On appeal, Essex argued that the policy language could be construed broadly to include all persons who performed any tasks in connection with a show, including loading and unloading sound equipment. Specifically, the insurer argued that the phrase "arising out of" required this broader interpretation.

The Supreme Court, Appellate Division, Fourth Department, New York, disagreed. It found that the policy could also be read narrowly to include only those persons who performed in the show or only that activity that occurred during the show. The court emphasized the fact that the accident was caused by a property defect in a location completely unrelated to the concert that was performed that night. The Supreme Court agreed with the decision of the lower court but noted that the policy had a limit of $500,000 per occurrence with a $500 deductible. Therefore, the court modified the lower court's judgment by reducing it to $499,500 plus interest and costs.

The decision of the lower court was affirmed with modifications.

Dzielski vs. Essex Insurance Company-Supreme Court, Appellate Division, Fourth Department, New York-December 23, 2011-90 Atlantic Reporter 3d 1493.

When contractors collide: Court eyes "additional insured" dispute

Brian Fay Construction, Inc., subcontracted with J.P. Spano and Company to perform some work on Fay's construction site. The parties agreed that Fay would defend, indemnify and hold Spano harmless from all claims arising from Fay's performance of certain subcontract work.

Fay asserted that after it entered into its agreement with Spano it had contacted its insurance agency, DFW Associates, Inc., to notify it that Spano needed to be added to Fay's general liability policy as an additional insured. DFW issued an "ACORD Certificate of Liability Insurance" naming Fay as the insured and Spano as an additional insured under Fay's general liability policy with Burlington Insurance Company and also naming Spano as an additional insured under Fay's workers compensation policy with Realm Insurance Company.

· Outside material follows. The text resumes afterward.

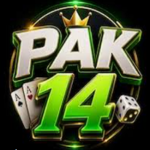 PAK14 Game Android APK: Your Ultimate Guide to Download and Play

One of Fay's employees was injured on the job and sued Spano for damages. When Spano brought a third-party action against Fay, Fay filed a claim with its general liability insurer, Burlington. Burlington denied coverage, asserting that Fay's policy excluded coverage for losses arising out of bodily injury to the insured's employees, that an endorsement to the policy provided that there was no liability coverage for losses involving the insured's employees, and that "there was no evidence [that] Spano was an additional insured."

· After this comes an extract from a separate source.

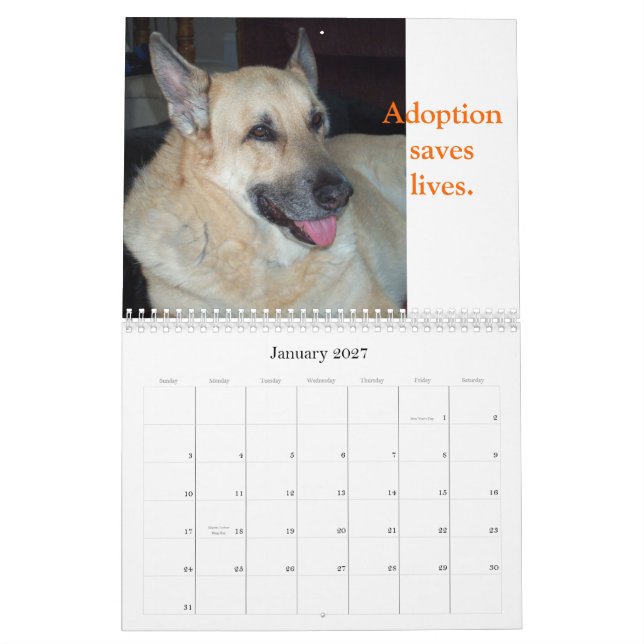 Adopte un calendario del animal del refugio (Jan 2027)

After Burlington stated its reasons for the denial of coverage, Fay filed an action against DFW and Morstan General Agency, Inc., another insurance broker, claiming that they "failed to properly name" Spano as an additional insured on the Burlington policy. The lower court found that DFW was obligated to defend and indemnify Fay in the underlying personal injury action brought by Fay's employee; DFW appealed.

On appeal, the Supreme Court, Appellate Division, Second Department, New York, noted that insurance agents generally have a "duty to obtain requested coverage for their clients within a reasonable time or to inform the client of the inability to do so." The court noted, however: "While Burlington's letter indicated that 'there was no evidence Spano is an additional insured,' the letter, by itself, did not establish that Spano was in fact not an additional insured under the liability policy, or that the claim was rejected on that basis, or that the claim would have been rejected, based on the employee liability exclusion, regardless of whether Spano had been named as an additional insured. Indeed, the letter may be interpreted as merely seeking additional information from the plaintiff." The court concluded that Fay had not met its initial burden of setting forth enough facts to entitle it to a decision in its favor as a matter of law with respect to DFW.

The judgment of the lower court was reversed.

Brian Fay Construction, Inc., vs. Morstan General Agency, Inc.-Supreme Court, Appellate Division, Second Department, New York-December 20, 2011-90 Atlantic Decisions 3rd 796.